* **To do**
Only one span is wanted from the lines below: from the one with "This reel mower" up to and including the one with "Hi, my name". Copy it exactly, without images.

* **Dataset content**
*** Block opens ***

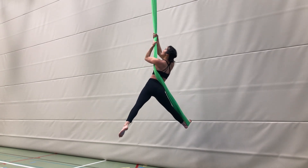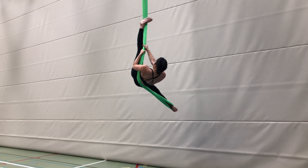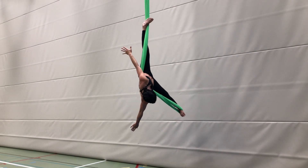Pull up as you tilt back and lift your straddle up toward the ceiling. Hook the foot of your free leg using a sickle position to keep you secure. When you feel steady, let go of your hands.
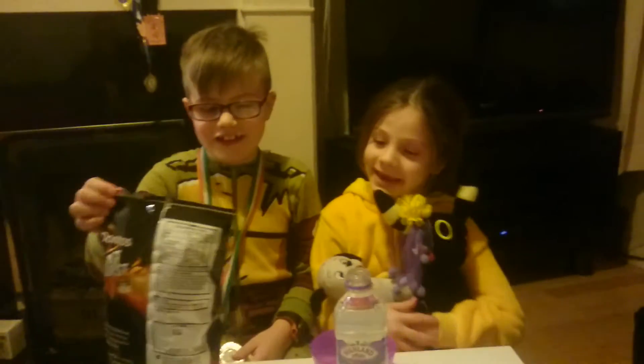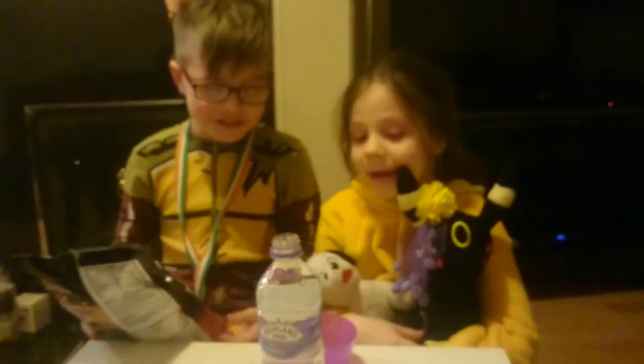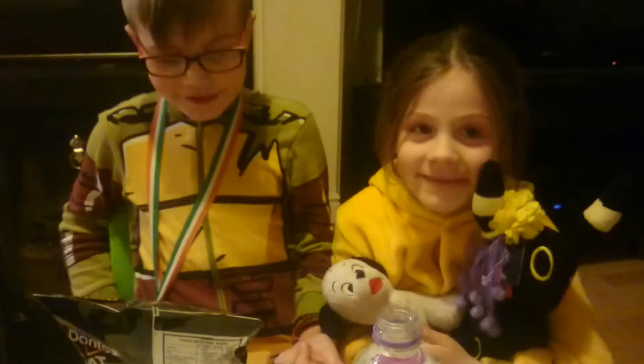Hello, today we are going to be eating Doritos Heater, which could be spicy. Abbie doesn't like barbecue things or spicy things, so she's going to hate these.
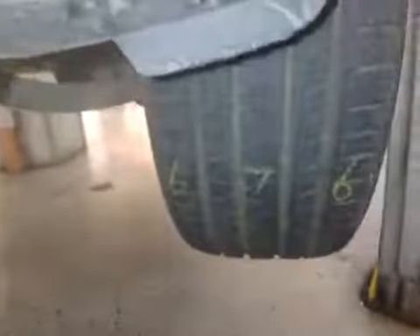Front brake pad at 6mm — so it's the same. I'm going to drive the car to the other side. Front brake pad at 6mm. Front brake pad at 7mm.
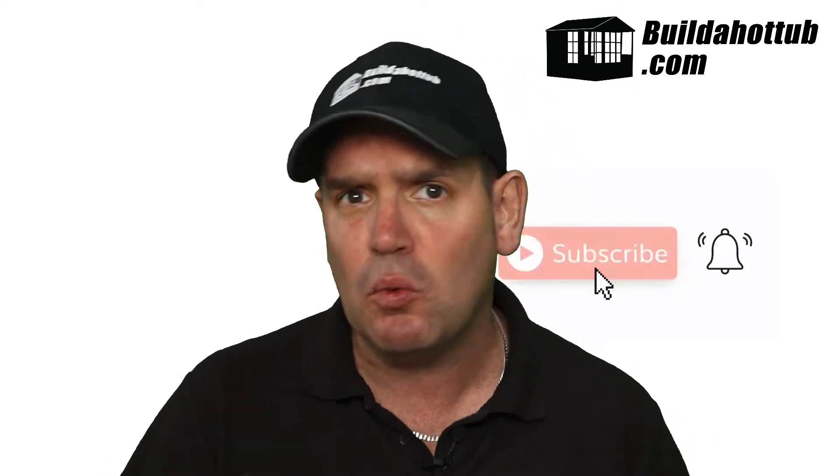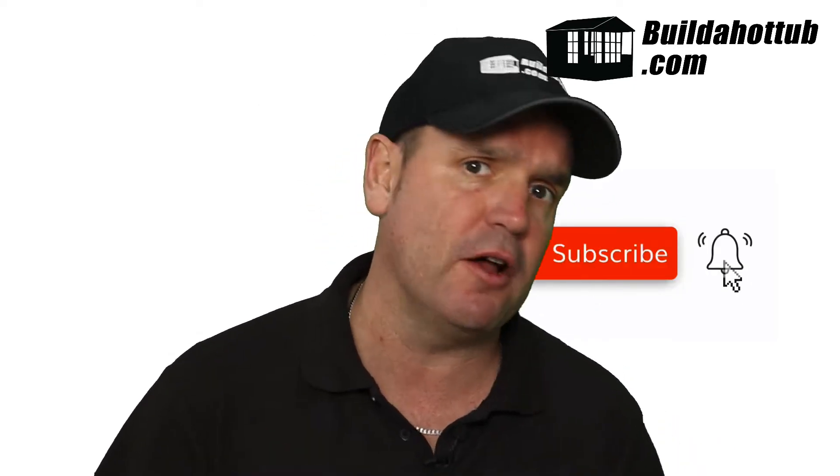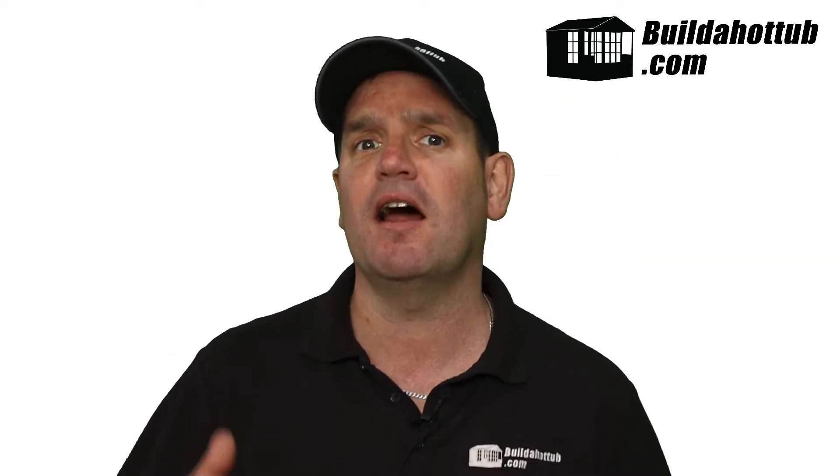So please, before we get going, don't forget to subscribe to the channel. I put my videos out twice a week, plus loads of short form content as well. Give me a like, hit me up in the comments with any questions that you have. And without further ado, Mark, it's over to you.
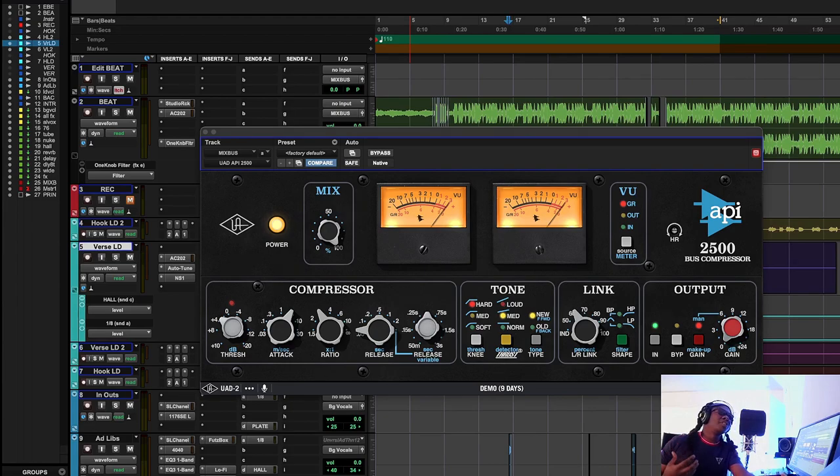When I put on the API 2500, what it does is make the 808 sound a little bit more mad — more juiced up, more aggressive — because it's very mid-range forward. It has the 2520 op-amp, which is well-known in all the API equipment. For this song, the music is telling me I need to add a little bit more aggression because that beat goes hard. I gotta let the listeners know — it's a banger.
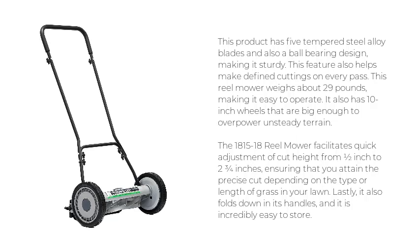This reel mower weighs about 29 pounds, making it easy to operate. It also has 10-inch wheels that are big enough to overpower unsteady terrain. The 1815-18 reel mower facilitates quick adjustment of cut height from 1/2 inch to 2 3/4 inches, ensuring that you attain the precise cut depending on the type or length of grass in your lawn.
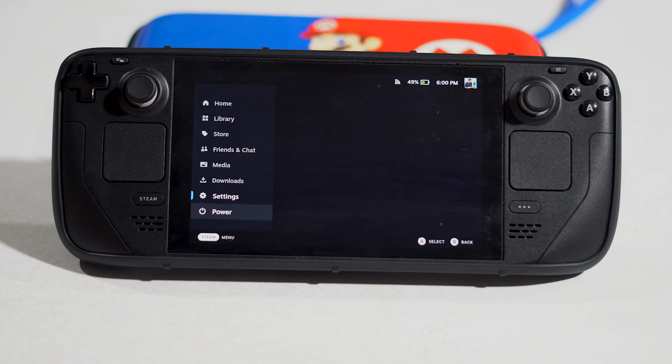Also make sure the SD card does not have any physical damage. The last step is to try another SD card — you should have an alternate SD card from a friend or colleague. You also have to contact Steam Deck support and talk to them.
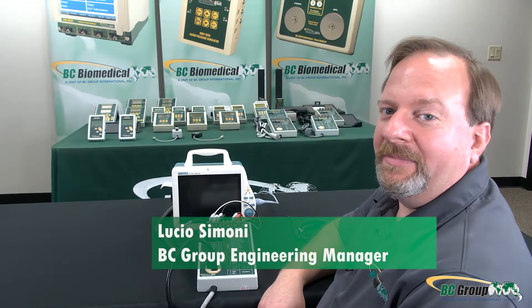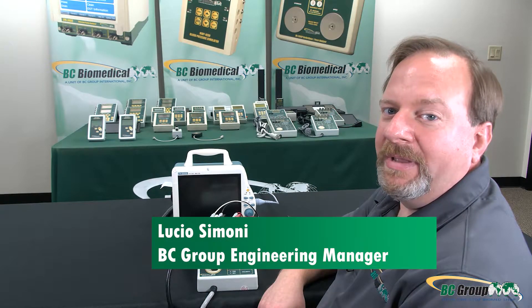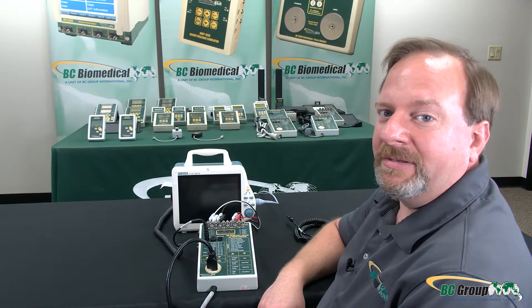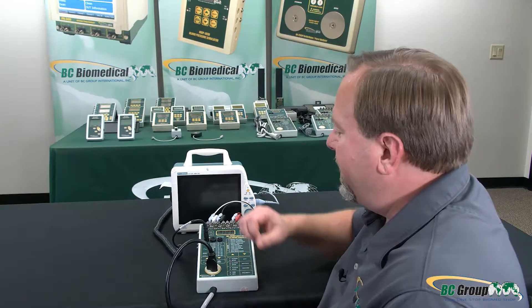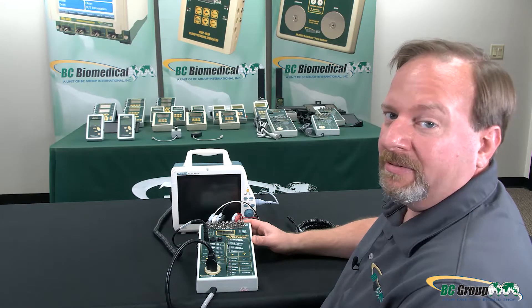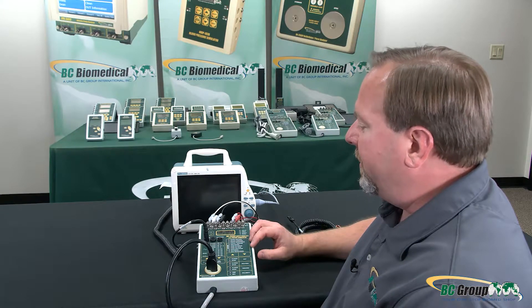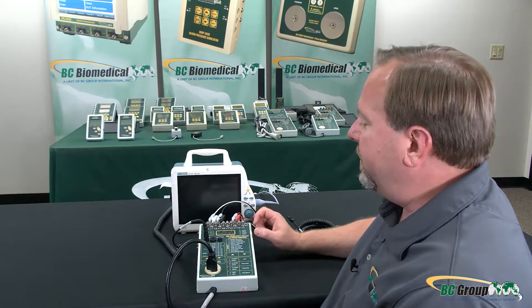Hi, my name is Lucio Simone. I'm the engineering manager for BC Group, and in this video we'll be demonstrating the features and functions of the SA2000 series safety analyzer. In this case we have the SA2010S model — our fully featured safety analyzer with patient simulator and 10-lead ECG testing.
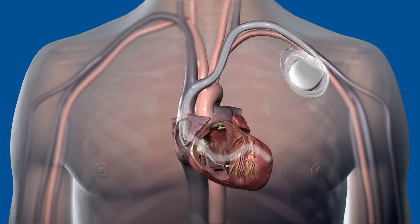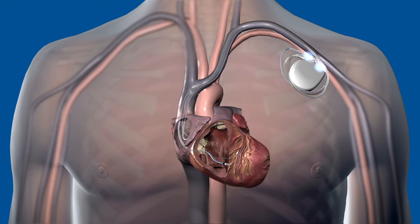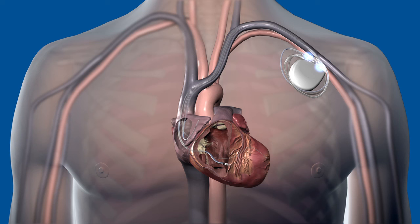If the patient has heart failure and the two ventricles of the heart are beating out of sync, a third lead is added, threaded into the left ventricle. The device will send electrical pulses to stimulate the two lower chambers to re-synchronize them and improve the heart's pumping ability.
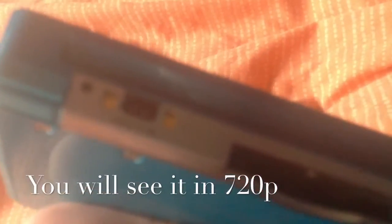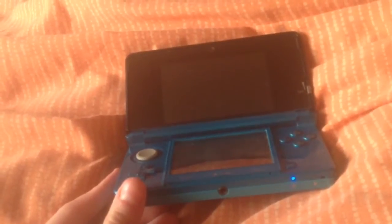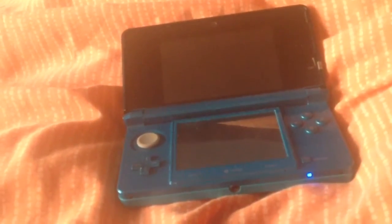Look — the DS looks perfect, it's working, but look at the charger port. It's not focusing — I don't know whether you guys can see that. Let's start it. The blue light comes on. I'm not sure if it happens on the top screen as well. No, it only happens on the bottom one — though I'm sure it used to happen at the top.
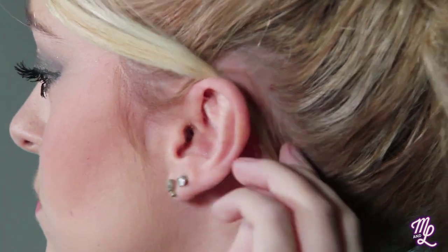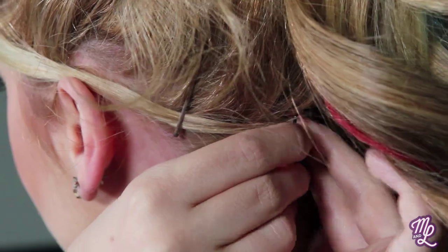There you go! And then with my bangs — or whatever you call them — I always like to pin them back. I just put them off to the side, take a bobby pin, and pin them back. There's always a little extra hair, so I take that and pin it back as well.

*** Block closes ***

* **Answer for the task**
This reel mower weighs about 29 pounds, making it easy to operate. It also has 10-inch wheels that are big enough to overpower unsteady terrain. The 1815-18 reel mower facilitates quick adjustment of cut height from 1/2 inch to 2 3/4 inches, ensuring that you attain the precise cut depending on the type or length of grass in your lawn.
Also make sure the SD card does not have any physical damage. The last step is to try another SD card — you should have an alternate SD card from a friend or colleague. You also have to contact Steam Deck support and talk to them.
Hi, my name is Lucio Simone. I'm the engineering manager for BC Group, and in this video we'll be demonstrating the features and functions of the SA2000 series safety analyzer. In this case we have the SA2010S model — our fully featured safety analyzer with patient simulator and 10-lead ECG testing.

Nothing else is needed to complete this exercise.